Some labour analysts are demanding clarity from Price Waterhouse Coopers (PwC) in the decision to terminate the contract of employees of defunct UT and Capital banks.
They argue that the terms indicated in the termination letters served the employees of the two banks may be short of the labour law which protects the interest of employees in cases of insolvency.
About one thousand workers of former UT and Capital banks were on Tuesday, September 12, 2017 served letters notifying them of the termination of their employment contract by PwC.
The move is in accordance with the auditing firm’s role as a receiver of the purchase agreement between GCB Bank and former UT and Capital Banks.
According to the termination letter, all claims are expected to be provided at a time that enough have been realized from the banks’ assets.
But reacting to the latest development, an Executive Board Member of the Ghana Federation of Labour, Kenneth Koomson asserted that the lack of clarity may lead to shortchanging the workers of the affected banks.
“It must be stated clearly what is the terms of reference; is it a redundancy? If it is, then the redundancy rule must apply and one of the things that we must expect is that redundancy as per the practice in the market, there are benchmarks.
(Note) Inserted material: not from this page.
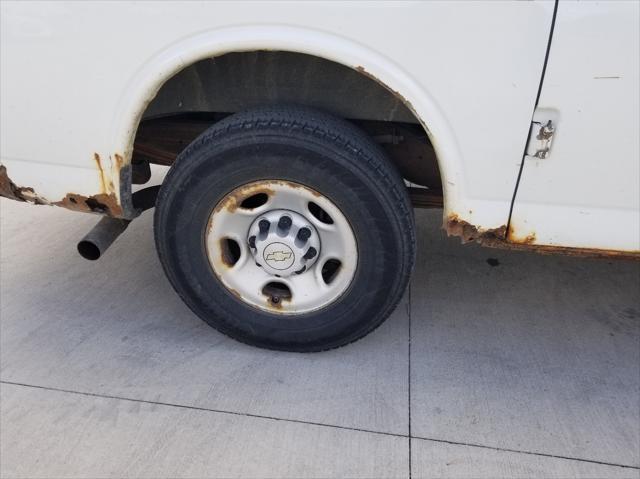 used 2008 Chevrolet Express 2500 car, priced at $4,995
In that situation, you look at three months pay for each year of service or two months’ pay for each year of service multiplied by the number of years you have served and paid as compensation among other fringe benefits that comes along with it,” he opined.
“But terminating of appointment, the employer is not under any obligation to give you such long compliments. What he gives is a one month notice if you have some deferred income then he makes it available if you have social security, second tier, he makes arrangements to make sure that those payments are made to you,” he added.
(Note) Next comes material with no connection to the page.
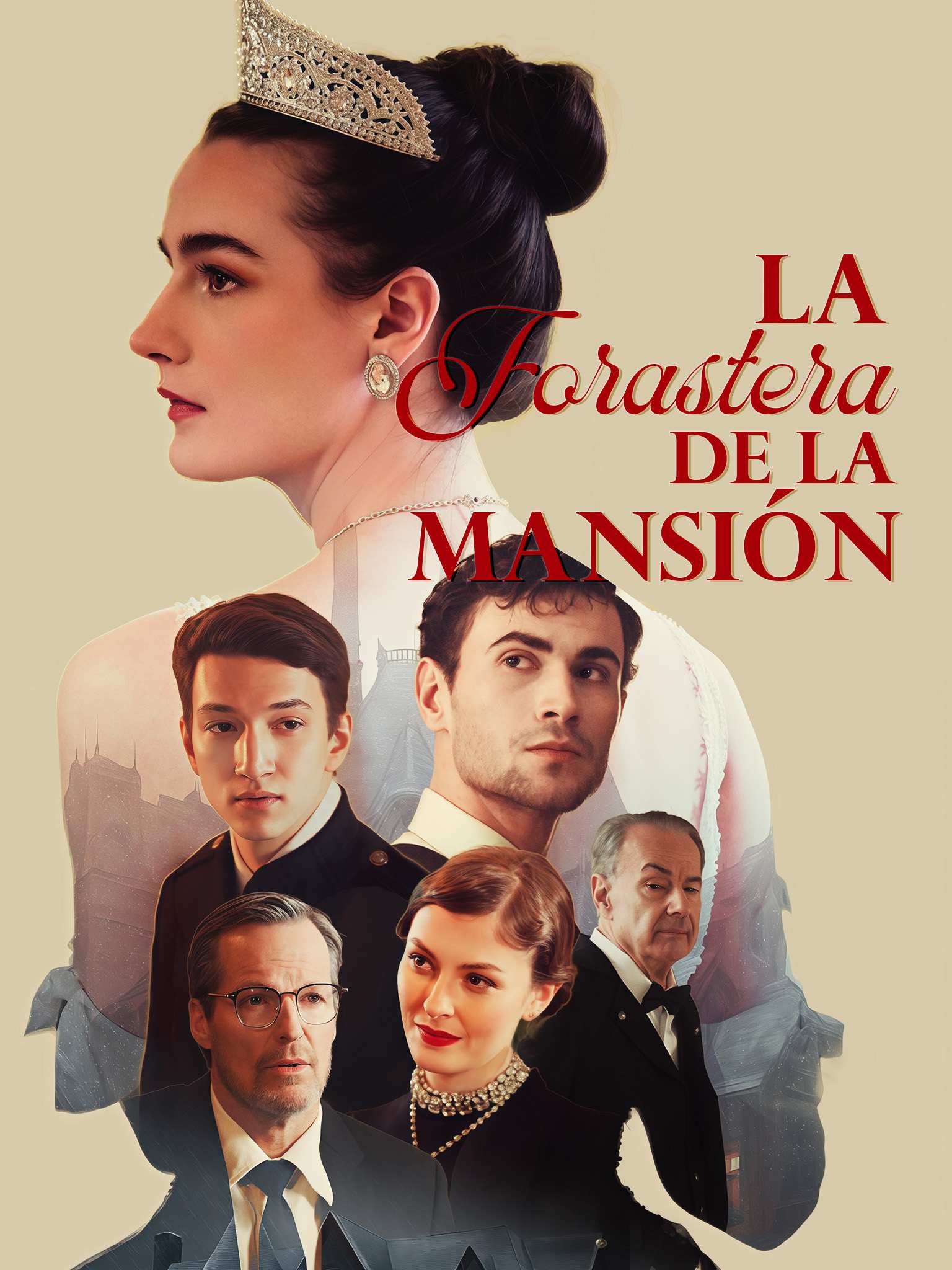 La Forastera de la Mansión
The termination letter among others indicated that any payments due the affected workers will be effected in consultation and in negotiation with the Unions or representatives of the workers.
But the labour analyst is convinced the effectiveness or otherwise of this option will largely hinge on a strong negotiation team put up by the affected workers of the two banks.
“It is also important to ensure that the workers constitute themselves like I’ve said with a representative or a local union or if there’s no local union, a representation of the entire staff or elect their own to have meetings and conversations with the management which I am sure they have began.”
The Bank of Ghana on August 14, 2017 granted permission to GCB Bank to assume the assets and some liabilities of UT and Capital banks.
The decision, according to the Governor of the central bank, Dr. Ernest Addison is among others to protect the interest of depositors and strengthen Ghana’s financial system.
In an earlier interview with Citi Business News, Mr. Ray Sowah, the MD of GCB Bank explained that though his outfit will be absorbing some staff of the two defunct banks, that will be determined in a skills assessment to be embarked upon by the bank.